## PROBLEM DESCRIPTION
Copy the listing below exactly. Pictures stay out of it.

## DATASET EXCERPT
┌──

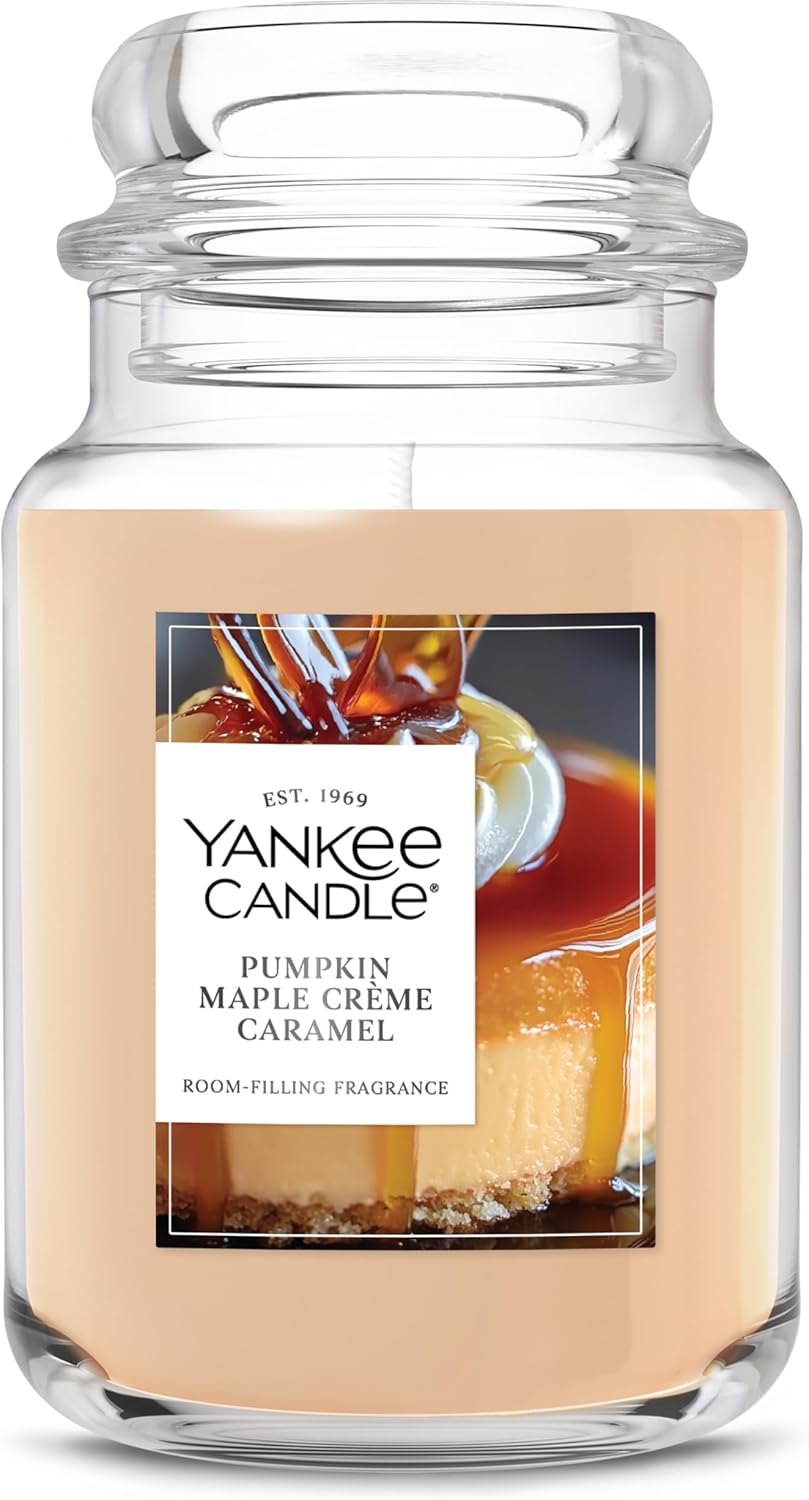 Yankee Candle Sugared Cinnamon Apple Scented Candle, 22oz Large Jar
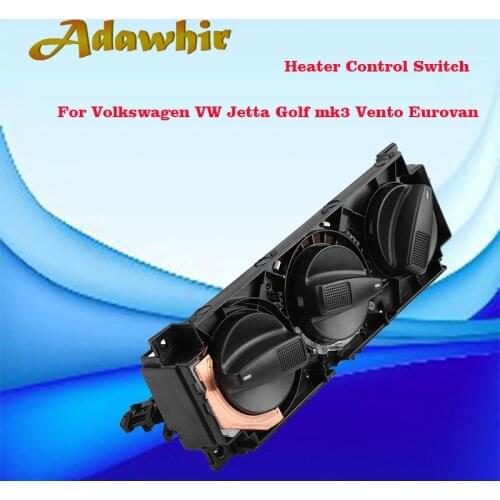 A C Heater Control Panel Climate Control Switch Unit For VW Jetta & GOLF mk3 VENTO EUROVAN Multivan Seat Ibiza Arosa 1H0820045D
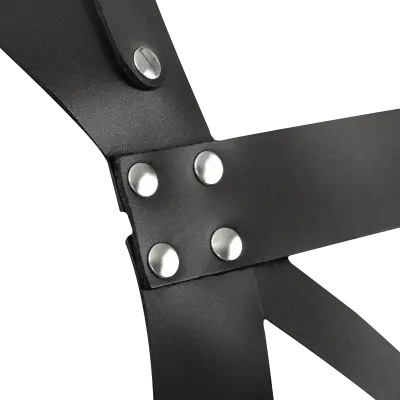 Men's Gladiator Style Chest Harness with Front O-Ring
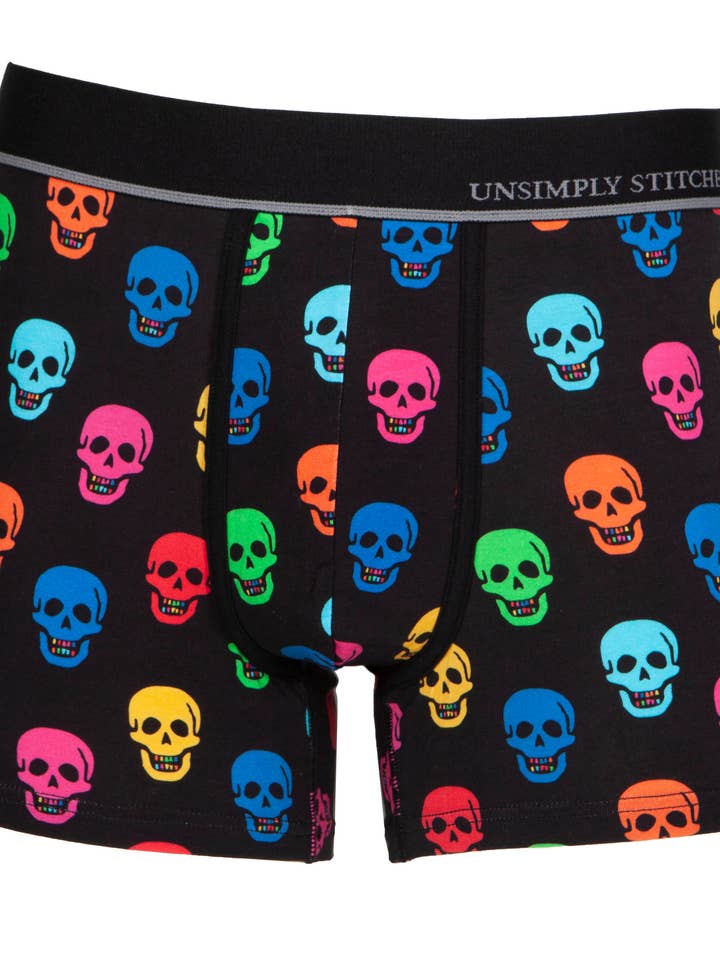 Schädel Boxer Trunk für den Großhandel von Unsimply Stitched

└──

## ANSWER SPACE
 Yankee Candle Sugared Cinnamon Apple Scented Candle, 22oz Large Jar
 A C Heater Control Panel Climate Control Switch Unit For VW Jetta & GOLF mk3 VENTO EUROVAN Multivan Seat Ibiza Arosa 1H0820045D
 Men's Gladiator Style Chest Harness with Front O-Ring
 Schädel Boxer Trunk für den Großhandel von Unsimply Stitched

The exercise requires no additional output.